After weeks of wrangling, Thursday's Cricket World Cup match in Harare between England and Zimbabwe has been called off. But it is still not clear whether the match will be rescheduled or the England team will be penalized for pulling out.
It is finally official, the England team will not be going to Zimbabwe for Thursday's match. International Cricket Council chief Malcolm Speed made the announcement in Cape Town. "The England Cricket Board has notified the International Cricket Council that it will not play its match scheduled for Harare on 13 of February, 2003," said Mr. Speed. "The England Cricket Board has cited its continuing safety concerns for its players as its reason for not meeting that commitment."
But that is still apparently not the end of the matter. Mr. Speed says it is still possible that the World Cup organizers could relocate the match to a venue in South Africa at some later date. He says the English cricket board has submitted new information to support its concerns about security in Zimbabwe.
The head of the England and Wales Cricket Board, Tim Lamb, explained why his team does not want to play in Zimbabwe. "Concerns about the players' and officials' safety have manifested themselves in two ways," he said. "Firstly, in the receipt of overt threats against the players and their families by the organization known as Sons and Daughters of Zimbabwe, and second, in the deteriorating state of civil order in that country."
The England team has expressed those concerns before, and the World Cup organizers have rejected them. South African police have dismissed the threatening letter as a hoax aimed at disrupting the World Cup.
ICC chief Malcolm Speed says a technical committee will decide what happens next. The Australian, Indian and Pakistani teams have all indicated they intend to play their scheduled matches in Zimbabwe, and some reports indicate they might object to allowing the England match to be moved.
If the committee is not persuaded by the new evidence, it could impose severe penalties on England, including the loss of four World Cup tournament points. The already cash-strapped team could also be fined up to $16 million. And both the Zimbabwean and South African cricket boards say they might cancel their teams' next tours to England in retaliation.
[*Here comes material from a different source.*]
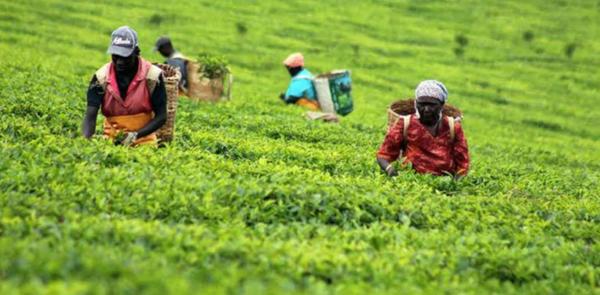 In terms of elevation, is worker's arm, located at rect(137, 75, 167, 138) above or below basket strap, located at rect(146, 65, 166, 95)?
below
Thousands of disappointed Zimbabwean cricket fans were looking forward to seeing the two teams do battle on the cricket pitch. Zimbabwean team captain Heath Streak says he and his team are also disappointed.
But England's decision to pull out of the match was quickly applauded by Zimbabwe's main opposition party, the Movement for Democratic Change. Party spokesman Paul Nyati told VOA, it is a victory for decency.